On June 7th, we experienced an outage of router core01.ffm3.de at the Interxion (Digital Realty) FRA16 site. This equipment, consisting of two Juniper QFX Virtual Chassis members, provides connectivity to 10/40Gbps subscribers, including IP transit and Layer 2 transport.
In addition to serving downstream customers, this equipment also connects to our infrastructure hosting websites such as aurologic.com, my.aurologic.com, and our API. This makes core01.ffm3.de a critical component of our operations, having provided network connectivity reliably for several years without significant issues.
We are currently undertaking an internal project to move our websites to a multi-datacenter anycast infrastructure. This will eliminate the single point of failure at core01.ffm3.de by distributing incoming requests across different load balancers at Tornado Datacenter, Interxion, and Equinix. Given the business-critical nature of API connectivity for our customers, we strive for high availability, which we regrettably failed to achieve in this instance.
When the equipment became unreachable on June 7, 2024, we promptly dispatched one of our operations engineers to the Interxion (Digital Realty) site, achieving a response time of about 30 minutes. This is significantly better than the average two-hour response time offered by the data center operator for remote hands requests.
Upon arrival, our engineer found both devices in an inoperable state, preventing any restoration of routing functionality.

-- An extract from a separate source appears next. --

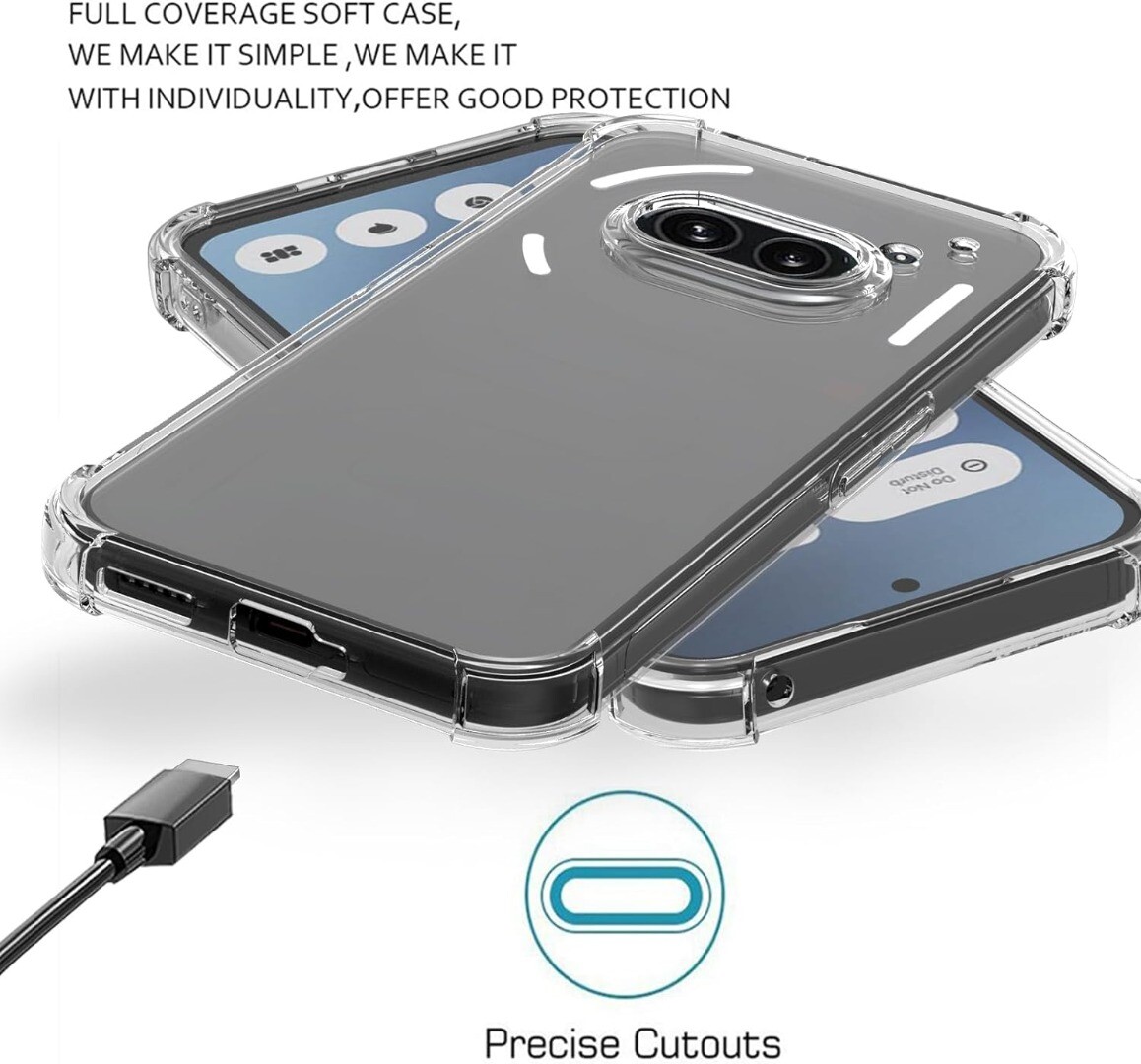 Custodia Gel Silicone Trasparente Per Nothing Phone 2A Con Protezione Schermo - Pixfab - Foto 5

We decided to perform a hard reboot of both devices, which temporarily restored normal operation.
However, the routing functionality failed again shortly afterward when the RPD daemon on the equipment logged an assert() condition, indicating a software bug in Juniper JunOS. Restarting the RPD daemon three more times led to repeated crashes as BGP sessions resumed.
Upon analyzing the RPD core dump, we identified the exact cause as a known bug in Juniper JunOS related to certain route attributes. Our analysis suggests that a downstream customer likely triggered this issue. The Juniper software's use of assert() to handle this condition, causing the RPD to crash, is, in our opinion, poor software engineering practice. Logging the problematic route instead of crashing and disrupting dozens of BGP sessions would have been a better approach. Additionally, Juniper JunOS does not automatically restart the RPD daemon after a crash, requiring manual intervention to restore functionality. Such behavior is not acceptable for enterprise-grade equipment managing network infrastructure.

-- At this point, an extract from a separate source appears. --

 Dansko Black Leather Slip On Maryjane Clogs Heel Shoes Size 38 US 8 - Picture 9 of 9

We decided to patch the network devices with the latest Juniper JunOS version. This process was challenging due to access issues arising from our security protocols. We are already working on an internal project to separate out-of-band access onto a dedicated infrastructure, and we will use this incident as a learning opportunity to expedite this process.
Once both devices were patched, we regained stable operational status, restoring connectivity for our customers and our own infrastructure.